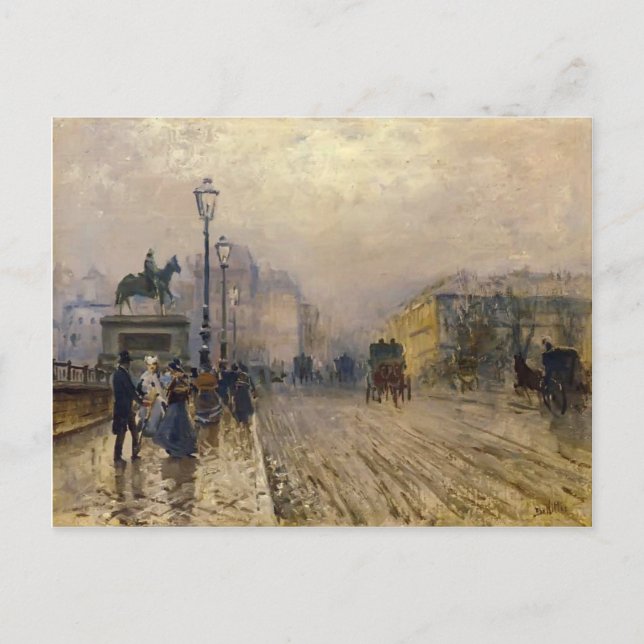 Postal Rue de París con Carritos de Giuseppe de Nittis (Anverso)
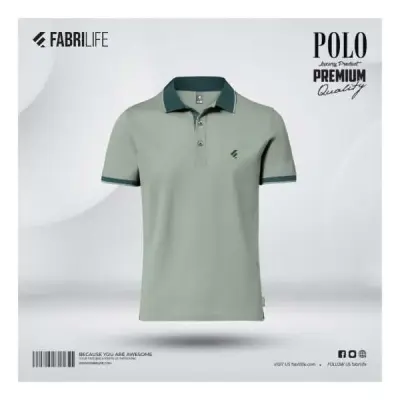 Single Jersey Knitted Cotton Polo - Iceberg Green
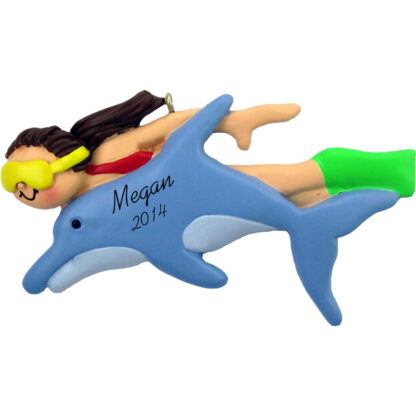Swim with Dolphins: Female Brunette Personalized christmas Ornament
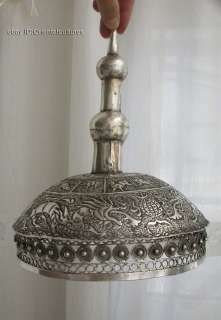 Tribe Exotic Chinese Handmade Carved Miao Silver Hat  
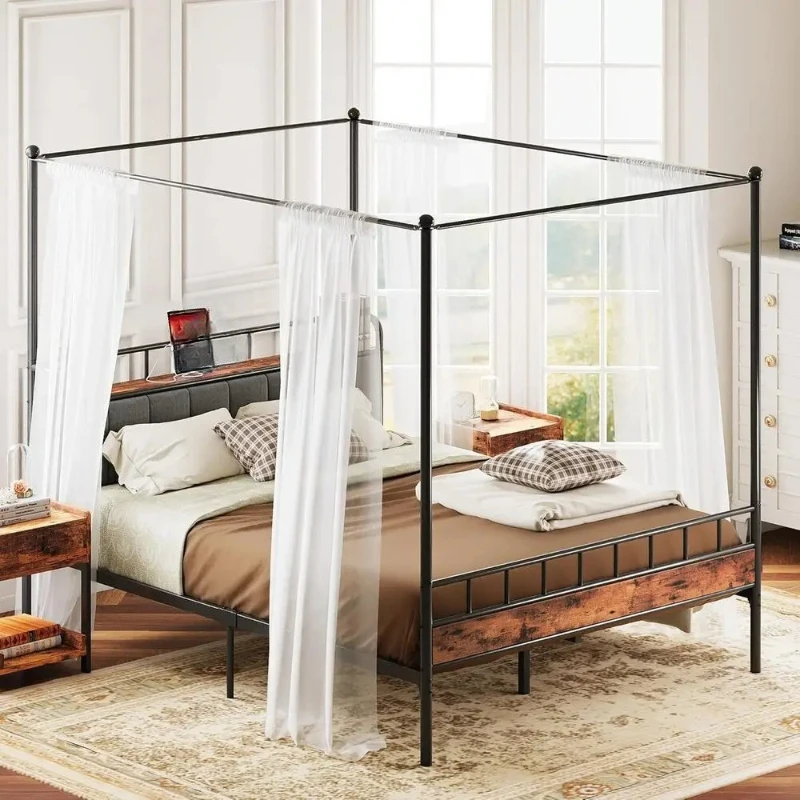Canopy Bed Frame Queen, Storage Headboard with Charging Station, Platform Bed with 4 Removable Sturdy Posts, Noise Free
==
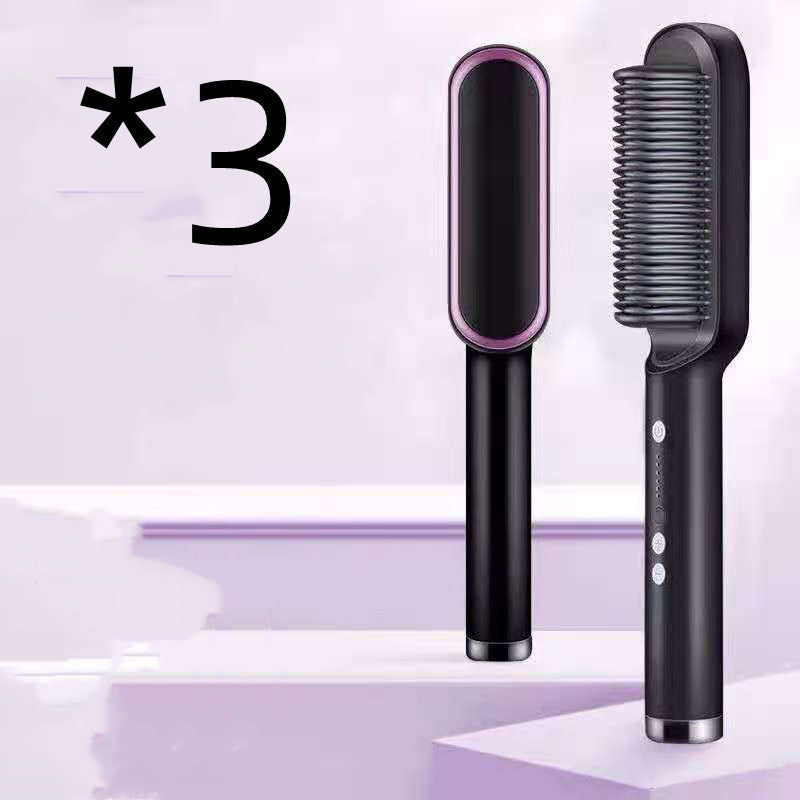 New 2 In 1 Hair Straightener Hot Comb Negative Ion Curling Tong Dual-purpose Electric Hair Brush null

→ Task objective: Go back to the listing above and write out the lines starting at the one with "Postal Rue de" and ending at the one with "Canopy Bed Frame", inclusive, exactly and without pictures.

→ Written answer:
 Postal Rue de París con Carritos de Giuseppe de Nittis (Anverso)
 Single Jersey Knitted Cotton Polo - Iceberg Green
Swim with Dolphins: Female Brunette Personalized christmas Ornament
 Tribe Exotic Chinese Handmade Carved Miao Silver Hat  
Canopy Bed Frame Queen, Storage Headboard with Charging Station, Platform Bed with 4 Removable Sturdy Posts, Noise Free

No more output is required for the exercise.